EXERCISE INSTRUCTIONS - Look through the data below for the line with "Dettaglio di un" and the line with "Modern bedroom with", then transcribe exactly from the first through the second, leaving out all pictures.

RECORDED DATA -
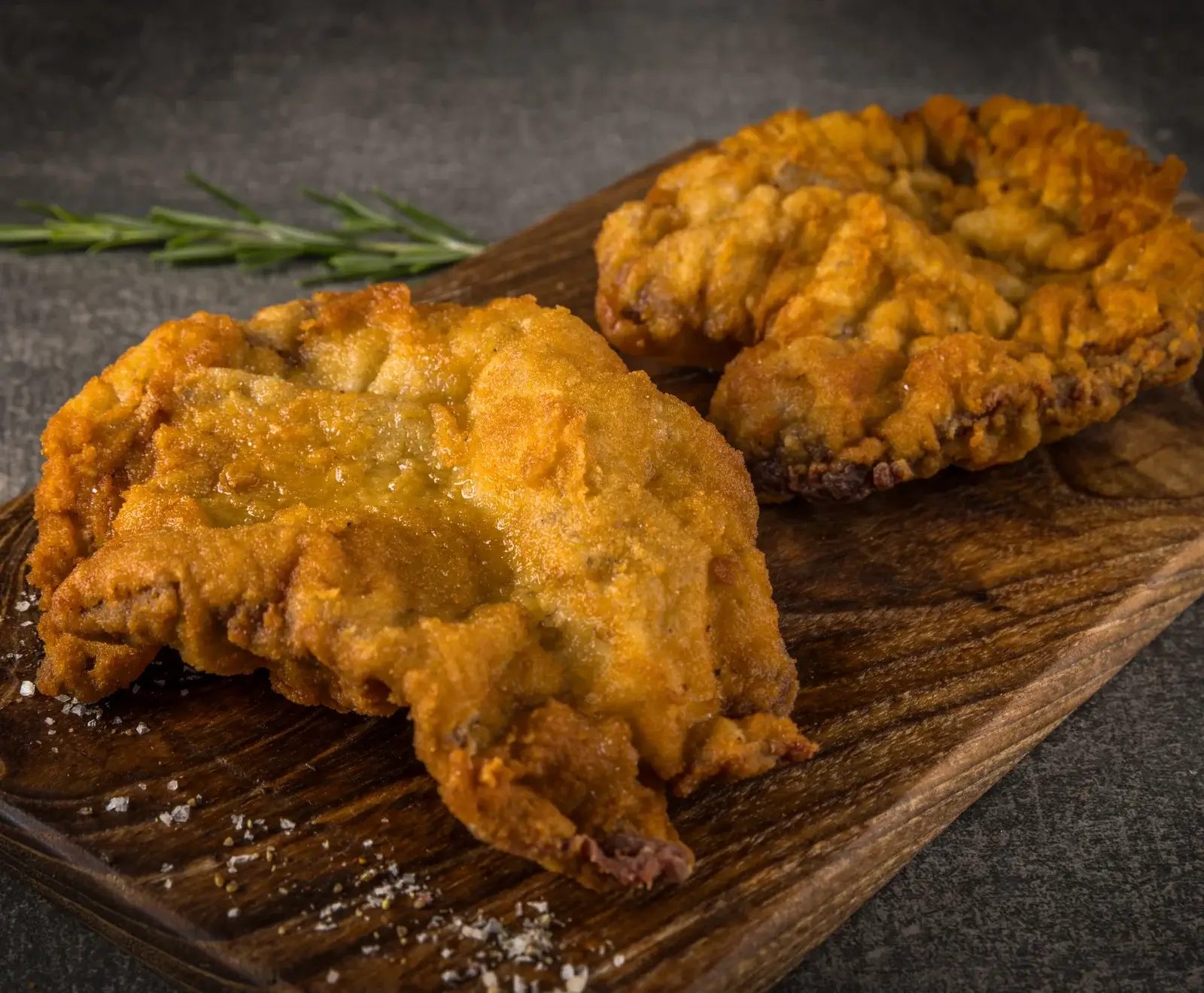 Zwei frisch gebratene, goldbraune Schnitzel auf einem dunklen Holzschneidebrett, mit Rosmarin und grobem Salz bestreut. Der Hintergrund ist dunkelgrau.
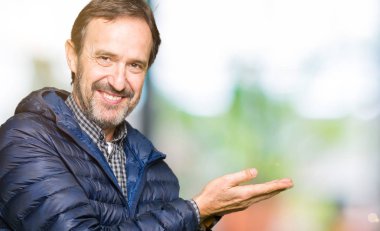 Orta yaş yakışıklı adam giyen kış işaretçi el yanında kat ve açık palm, mutlu ve kendine güvenen reklam gülümseyen sunulması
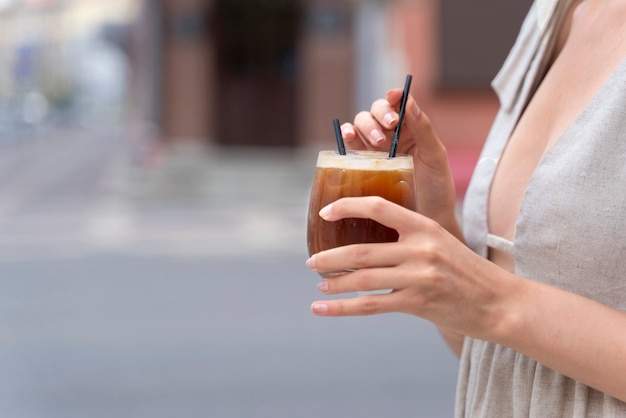 Donna che fa una pausa caffè ghiacciata fuori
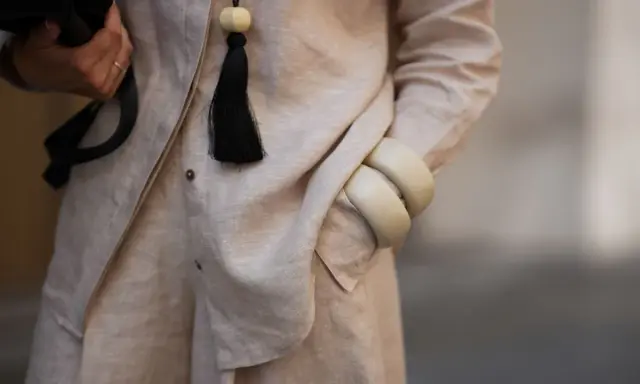 Dettaglio di un outfit in lino materiale, con una mano che tiene una borsa nera, un ciondolo con nappa nera e bracciali color crema.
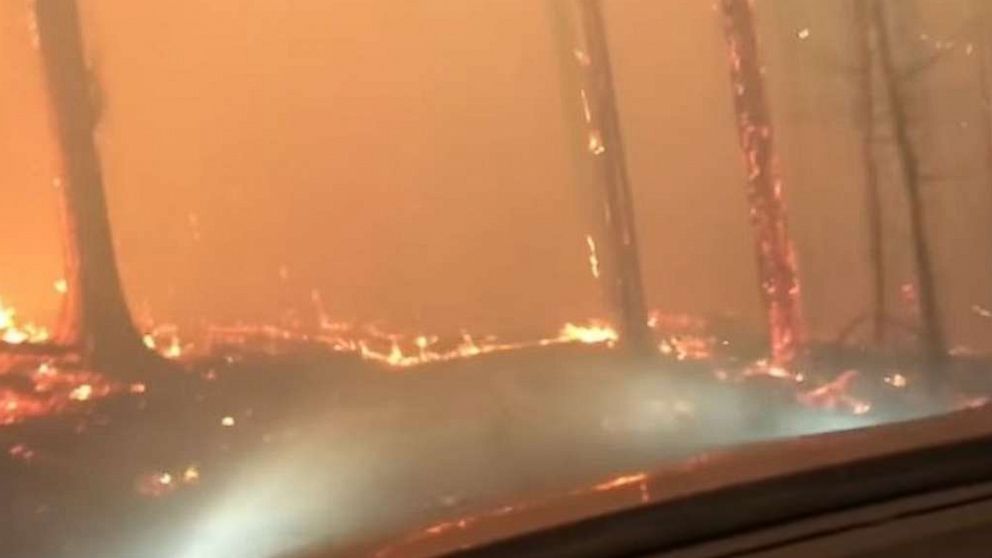A son and his 70-year-old father barely escaped as they drove right through a raging forest fire in West Glacier, Montana.
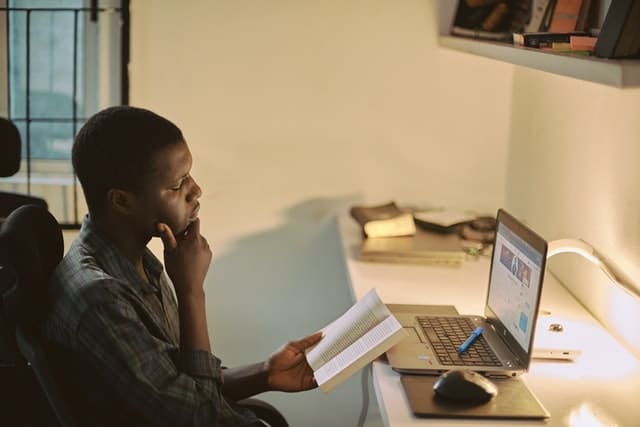 student studying with a laptop and book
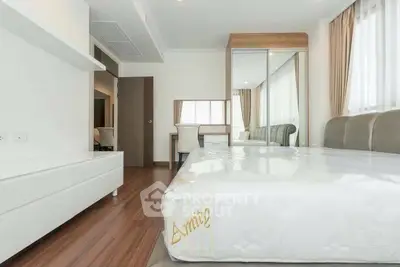 Modern bedroom with hardwood floors and mirrored wardrobe in bright apartment.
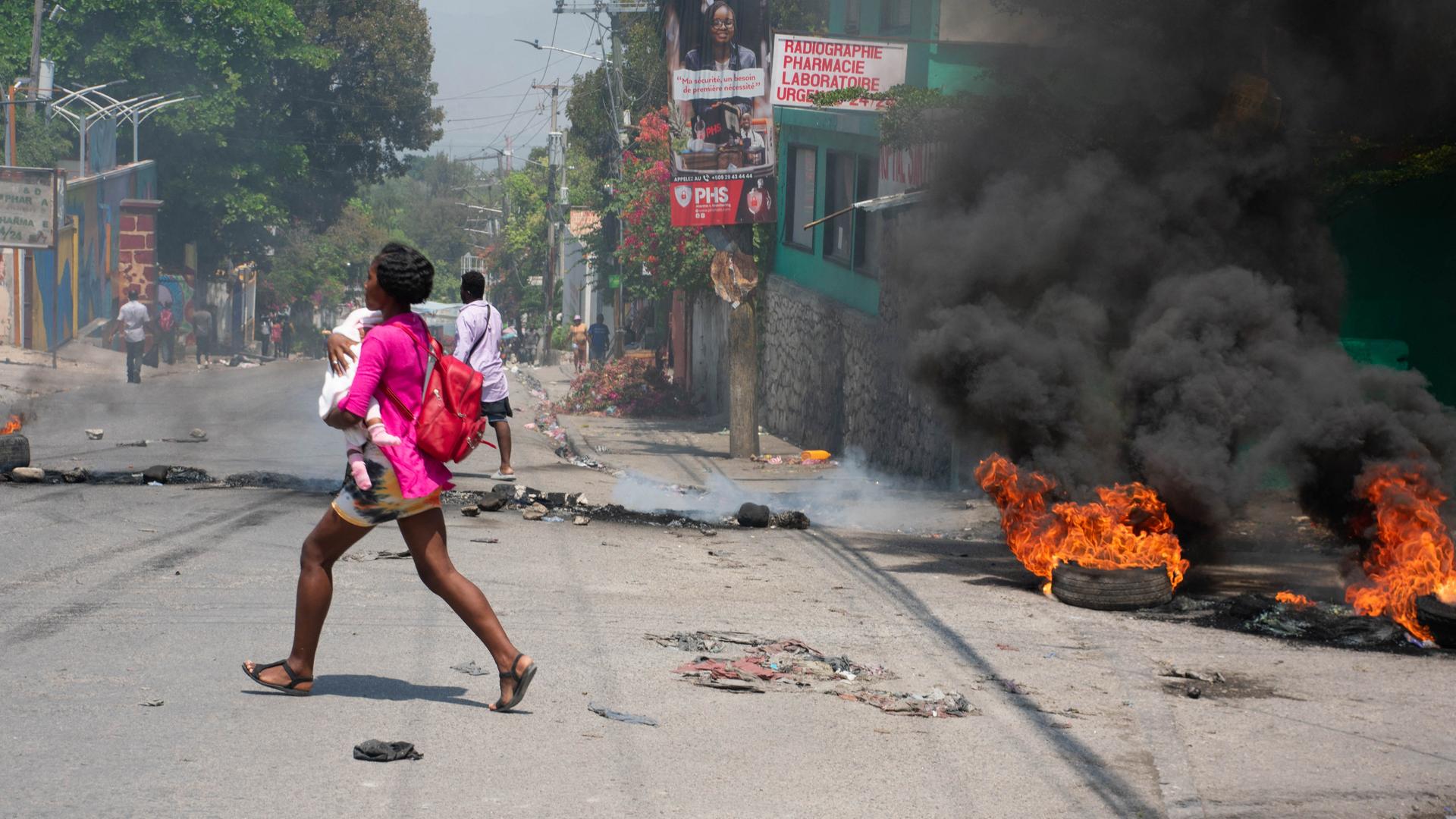 Eine Frau mit einem Kind im Arm rennt über eine Straße in Haitis Hauptstadt Port-au-Prince. Neben ihr sind brennende Reifen zu sehen, auf der Straße liegt Müll.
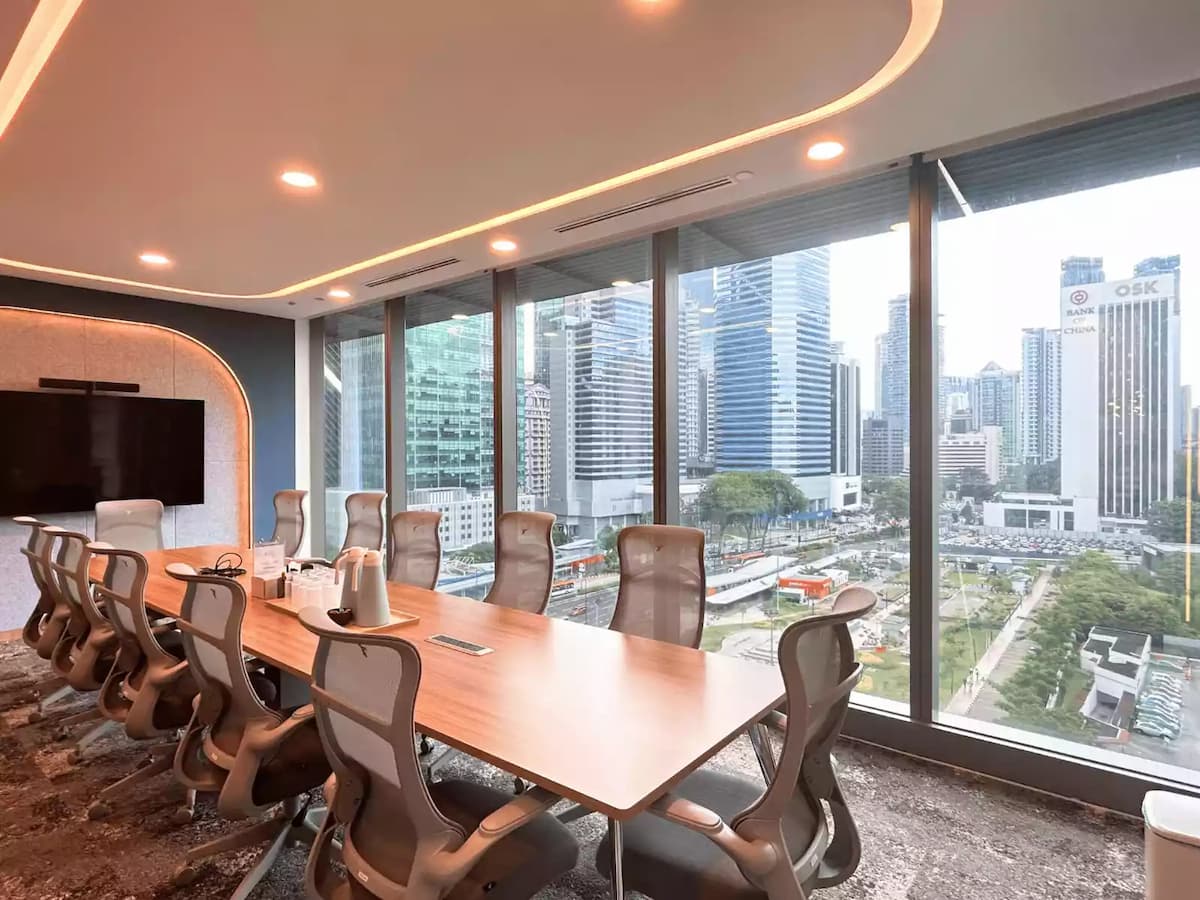 long wooden boardroom table with ergonomic chairs facing kuala lumpur city skyline at central kl corporate meeting space in malaysia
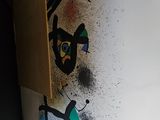 a painting on the wall of a room with a television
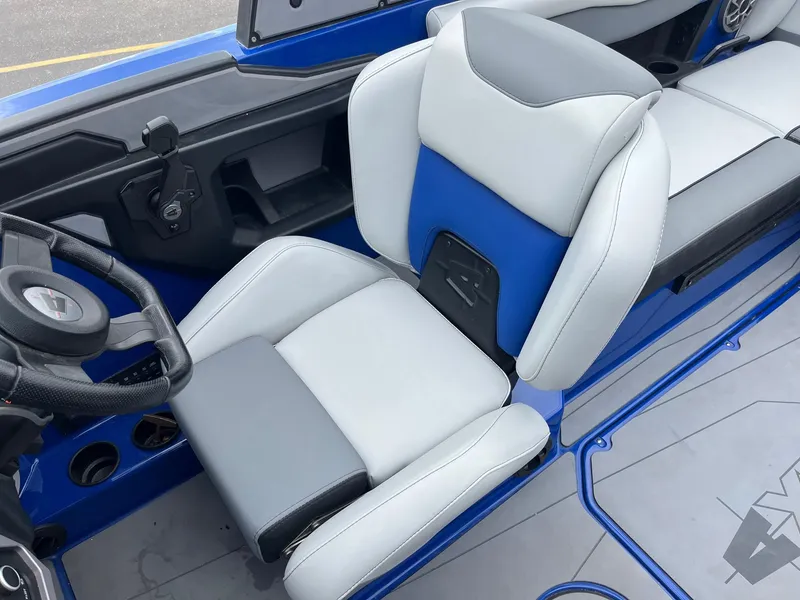 Slide: The Image of 2023 Axis T220 boat interior with blue and gray seating and steering wheel. - 27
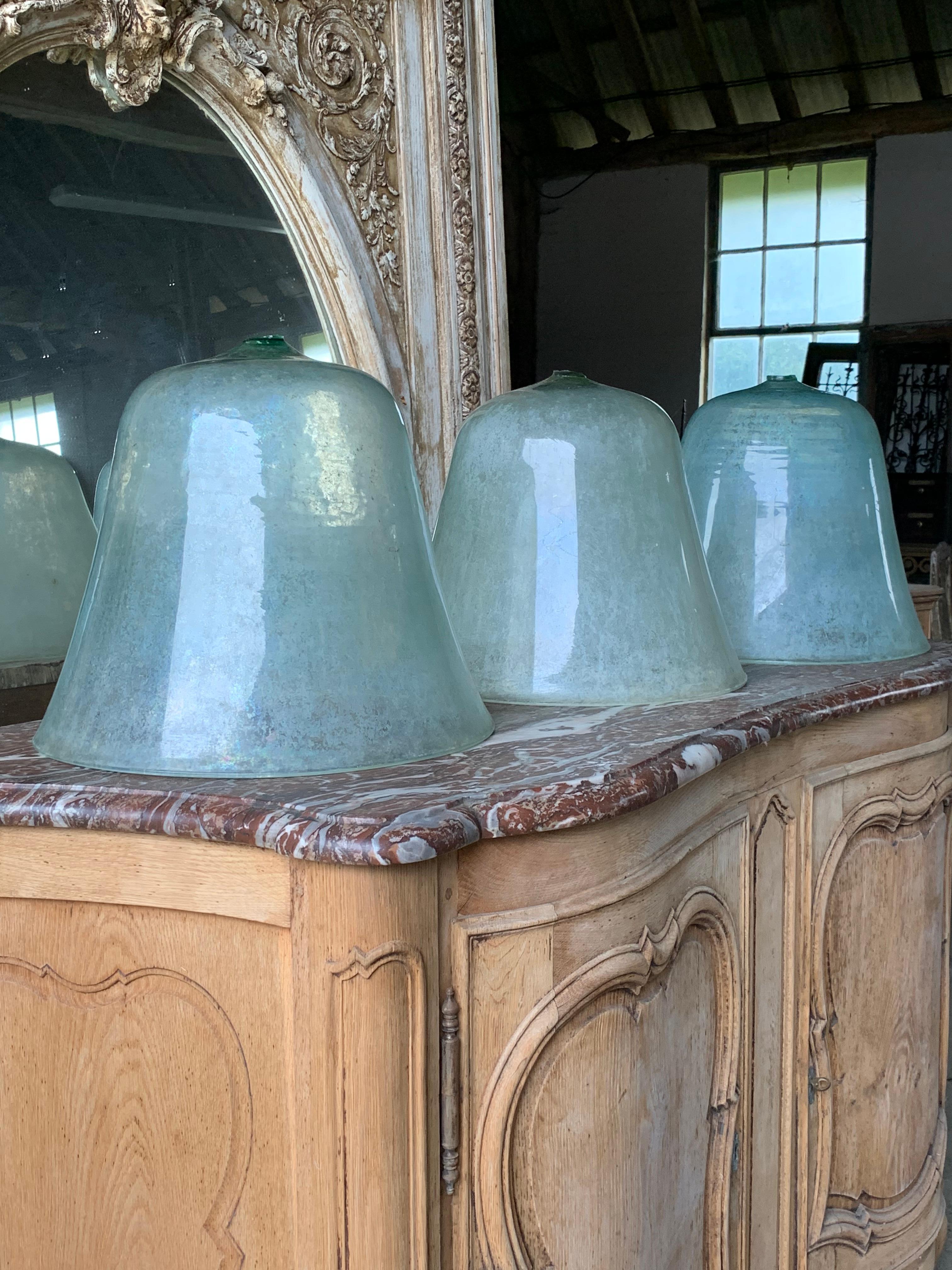 A nice set of 3 x 19th century French hand blown glass melon cloches. In nice original condition. The handles have been removed which was normal for the period as the handles magnified the sun so they removed them to stop this.

Please contact us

TASK RESULT -
 Dettaglio di un outfit in lino materiale, con una mano che tiene una borsa nera, un ciondolo con nappa nera e bracciali color crema.
A son and his 70-year-old father barely escaped as they drove right through a raging forest fire in West Glacier, Montana.
 student studying with a laptop and book
 Modern bedroom with hardwood floors and mirrored wardrobe in bright apartment.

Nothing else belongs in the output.